My weans have an easy facility in both English and Swedish thanks to the persistence of their maw.

I've been to their 'parents evenings' recently and the three of them are scoring well in languages, including German, Spanish and Latin. This doesn't surprise me.

Which part of Sutherland was your dad from? Not many speakers left there sadly. A similar story around the Highlands, so many dialects lost in very recent times. It's incredible to look at the map of where native speakers were recorded in the 1950's with people in places like Aberdeenshire, Cowal, Loch Lomondside and Perthshire.

As for the OP I'd say listening in the car would give you something of a grounding even subconsciously and get you used to the sounds. Immersion courses are without doubt the best IMO, learners should get used to speaking before worrying about reading and writing and grammar. Otherwise it's likely you will be overly conscious of making mistakes and it will hold back your speech.

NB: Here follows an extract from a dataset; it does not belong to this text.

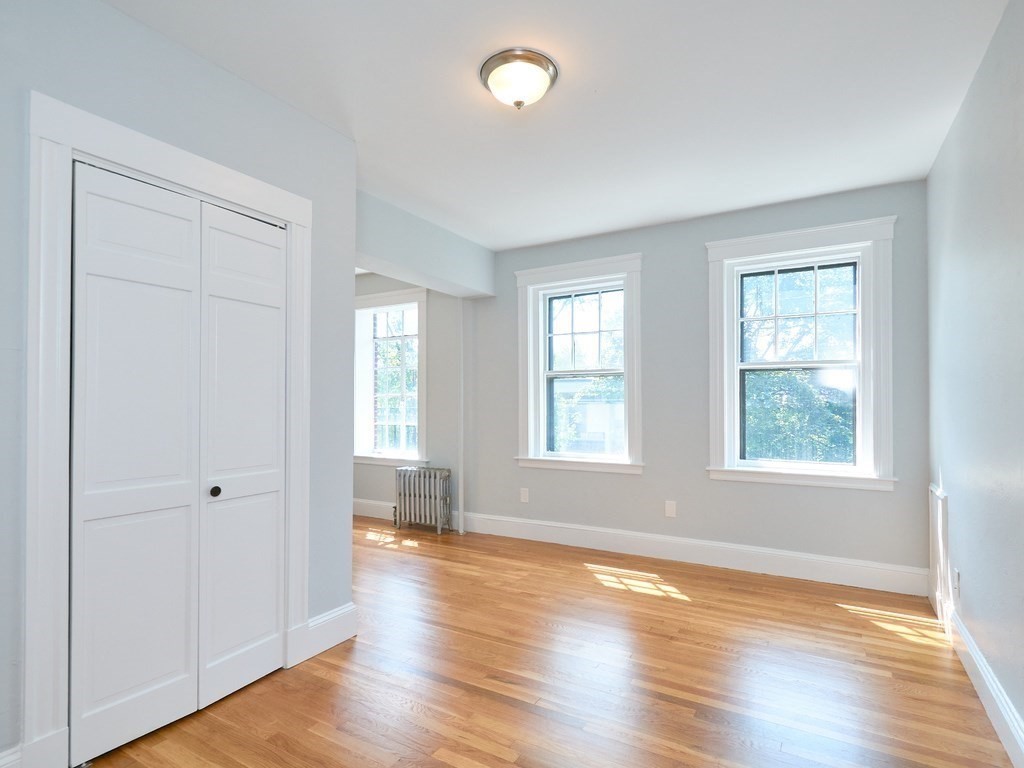 Studio bed, 1 bath apartment for rent at 42 Linnaean St Unit 6, Neighborhood Nine — photo 4 of 11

I have met plenty people who became fluent speakers in a few months due to very good immersion courses. I have also met plenty who did reading and writing based courses who can write essays and read articles but really struggle to hold a conversation.

The more languages the better at an early age is definitely good too, studies regularly show that bilingual kids tend to do better all round than monoglots and find it easier to pick up more languages. If you can give your child another language then you should really try and do it. English is omnipresent anyway, my oldest daughter was fluent at a very young age despite never hearing it from her parents.